Precision and recall values.

It is easy to compare several classifiers in the precision graph. Curves near the perfect precision-recall curve have a better performance level than those closest to the baseline. In other words, a curve above the other curve has a better performance level (Figure 8).

Figure 8.

Performance OntoEnter & Traditional Search Engine (TSE).

Precision and retrieve are inversely related, i.e., as precision increases recall falls and vice-versa. When a relevant document is not retrieved at all, the precision value in the above equation is taken to be 0. A balance between these two needs to be achieved by the search engine that to achieve this and to compare performance, the precision-recall curves come in the practice.

This trade-off between precision and recall can be observed using the precision-recall curve and an appropriate balance between the two obtained. The precision-recall curves for two algorithms are shown. Depending on the requirement of high precision at the cost of the recall, or high recall with lower precision, an appropriate algorithm can be chosen. In our case, we choose the appropriate system depending on the high precision and data with false positives allowed. Two precision-recall curves represent the performance levels of the two search engines. The search engine OntoEnter clearly outperforms TSE in this domain example. Our system performs satisfactorily with about a 95.2% rate of success in real cases.

Another important aspect of the design and implementation of OntoEnter is the determination of the degree of speed in the answer that the system provides. During experimentation, heuristics and measures that are commonly adopted in information retrieval have been used. A statistical analysis was performed to determine the importance values in the results. While users were performing these searches, an application continued to run in the background on the server and captured the content of the written queries and search results. We can establish that OntoEnter speed in our domain improves the answer time and the average of the traditional search engine. Figure 9 shows a graphic of these parameters that was collected as a part of the experiment.

Figure 9.

OntoEnter search analysis report.

We can establish that the speed in the system improves the procedure time and the average of the traditional search engine. Results for OntoEnter are 15.1% better than procedure time and 19.5% better than running time/sec searches on traditional search engines.

Advertisement

7. Conclusion and future works

In this chapter, we investigated how the semantic technologies can be used to provide additional semantics from existing resources in industrial repositories. For this purpose, we presented a system based on ontology and AI architecture for knowledge management in industrial repositories. We describe an effort to design and develop a prototype to manage resources in a repository such as the OntoEnter project and exploit them to help users as they select resources. Our study addresses the main aspects of a Semantic Web Information Retrieval System architecture attempting to respond to the requirements of the next generation of Semantic Web users. This scheme is based on the following principle: knowledge elements are abstracted from a characterization by a metadata description that is used for further processing.

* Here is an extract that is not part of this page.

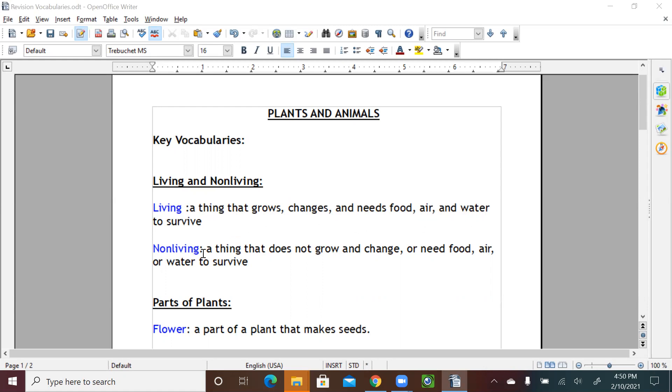Non-living, a thing that does not grow and change or need food, air, or water to survive. So non-living things like table, chair, car. Living things like cats, humans, animals, dogs, trees, plants.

In this chapter, we offer different possibilities, which the semantic Web opens for the industry. An important goal is to study appropriate industrial cases, compile arguments, launch industrial projects, and develop prototypes for industrial companies that not only create with us but also benefit from the semantic Web.

As described here, semantic models play a key role in the evolving solution architectures that support the business goal of obtaining the complete view of “what is happening” within operations and then deriving business insights from that view. Semantic models based on industry standards take that one step further, especially as application vendors adopt those standards (which, as always, will happen more rapidly through pressure from the user community). This study addresses the main aspects of a semantic and intelligent information retrieval system architecture trying to answer the requirements of the next-generation semantic search engine. We have investigated how the semantic technologies can be used to provide additional semantics from existing resources in institutional repositories.

This scheme is based on the principle of knowledge elements that are abstracted from a metadata description characterization that is used for further processing. We have proposed to use ontology together with CBR in acquiring expert knowledge in the industry specific domain. We have developed the domain ontology, and we have studied how the content-based similarity between the concepts typed attributes could be assessed in CBR system. The study analyses the implementation results and evaluates the viability of our approaches in enabling search in intelligent-based digital repositories. It introduced a prototype Web-based CBR retrieval system, which operates on an RDF file store. With this, characteristic of the model ability of an individual will be increased to learn through collective searches experience. Furthermore, an IA was illustrated for assisting the user by suggesting improved ways to query the system on the ground of the resources in industry repositories according to his own preferences, which come to represent his interests. We have used all the profile agents effectively to generate relevant and recommended personalized profile for the different users.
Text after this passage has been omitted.